The group disdains what they call Alphabet Boys, meaning the FBI, ATF, CIA and the like.

In an open letter to law enforcement on the Big IglooFacebook page, the group calls for an end to no-knock raids.

In seems to refer to Breonna Taylor, a 26-year-old African American EMT was shot and killed by police who raided the wrong home in the night while the Taylor was asleep with her boyfriend.

Taylor’s boyfriend fired at the officers thinking they were intruders,and police shot back, hitting Breonna 8 times.

The April 7 post says:

This is, essentially, an open letter to all LE departments across the nation.
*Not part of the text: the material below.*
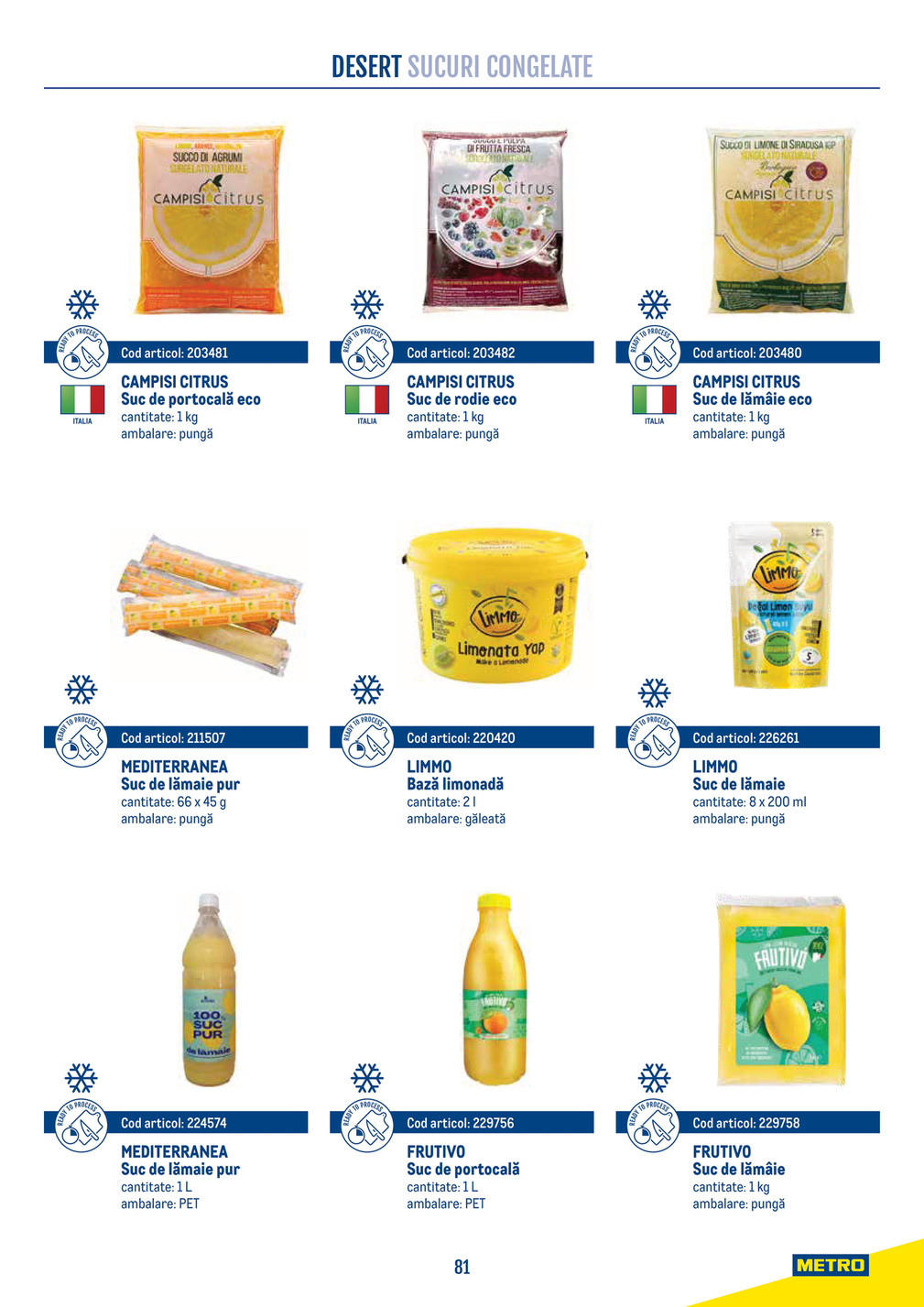 Metro catalog page 81 — 2026-04-21 to 2026-12-31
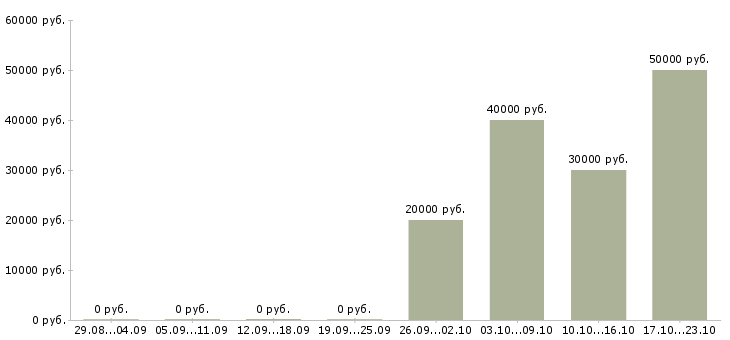 Вакансии работники зала в Ижевске - Медиана зарплат работники зала в Ижевске за 2 месяца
If I could, I’d tag every single one of you. However, since I’m positive we’re being monitored ... I’ll have to hope this is enough.

I am asking you, and your agencies, to put an end to the practice of no knock raids. Once again we hear of the wrong house being entered, a man trying to defend himself from a home invasion and having his girlfriend murdered by the police.

Absolutely nothing constructive, meaningful, or worthwhile comes of this practice. What we get are ... innocent people being murdered by botched police work. Stop yourselves long enough to take stock of what you’re doing. You’re murdering citizens in their homes. You all swore an oath to the constitution. Which part of the oath, or the document mentions murdering citizens in the dark of night?


3. Boogaloo-ers Often Wear Hawaiian Shirts and/or Tactical Gear to Protests

Armed protesters demonstrate outside the Michigan State Capitol in Lansing May 20, 2020. The group is protesting Michigan Governor Gretchen Whitmer’s mandatory closure to curtail the corona virus pandemic.

Reports of protesters in Hawaiian shirts carrying guns started coming out this spring as people demonstrated their dissatisfaction with government directives to close much of the country amid the corona virus pandemic.

The Hawaiian shirts apparently come from off-shoots of the word Boogaloo, which began popping up online.

Words like “big igloo” and “big luau” which sound somewhat like Boogaloo became terminology for those in the know and Hawaiian shirts became an identifier of its members.

Boogaloo is an umbrella term meaning a 2nd civil war,

The ADL wrote in April of men showing up at corona virus protests in Hawaiian shirts at the behest of “Matt Marshall, a leader of the 3 Percenters, a wing of the anti-government militia movement…

The event was advertised by the Oath Keepers, another anti-government organization.

Marshall encouraged participants to wear Hawaiian shirts, referring to the ‘Big Luau.’